The assumption most California small business owners carry is that offering group health insurance is something large companies do — that it's expensive, complicated, and out of reach for a 5-person or 10-person operation. The actual numbers, once you account for tax treatment and employer contribution requirements, tell a different story.

The Legal Baseline

Under the Affordable Care Act, employers with 50 or more full-time equivalent employees are required to offer affordable, minimum-value health coverage or pay the Employer Shared Responsibility Payment. For businesses under 50 FTEs, offering health coverage is not federally required — but California's competitive labor market makes it practically necessary for attracting and retaining employees in many industries.

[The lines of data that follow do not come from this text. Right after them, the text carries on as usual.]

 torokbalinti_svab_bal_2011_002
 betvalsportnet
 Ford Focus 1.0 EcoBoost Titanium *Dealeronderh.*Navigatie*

California law (SB 1137) requires any employer that does offer group health to contribute at least 50% of the employee-only monthly premium. Most competitive California employers contribute 75–100%.

The Tax Math

Employer health insurance contributions are fully deductible as a business expense. An S-corp or C-corp paying $1,000/month per employee in health insurance premiums ($12,000/year) deducts that amount from business income. At a 35% combined effective tax rate, that $12,000 outlay costs the business approximately $7,800 after the deduction — about $650/month in real terms.

The employee side is also favorable: employee premium contributions are made pre-tax through a Section 125 plan (cafeteria plan), reducing their taxable wages. This saves employees Federal, state, and FICA taxes on every dollar of their premium contribution — typically 25–35% of their contribution in real tax savings.

For a small business paying $12,000/year per employee in health premiums, the after-tax real cost is approximately $7,800. For the employee receiving $12,000 of health coverage as a benefit, the real value to them at their marginal tax rate is approximately $15,000–$16,000 in equivalent gross salary.

Small Business Health Care Tax Credit

California small businesses with fewer than 25 FTEs and average wages below $56,000 may qualify for the federal Small Business Health Care Tax Credit — worth up to 50% of employer-paid premiums for two consecutive years. This requires purchasing coverage through Covered California for Small Business (CCSB, formerly SHOP). For qualifying businesses, this effectively cuts the cost of offering health coverage roughly in half.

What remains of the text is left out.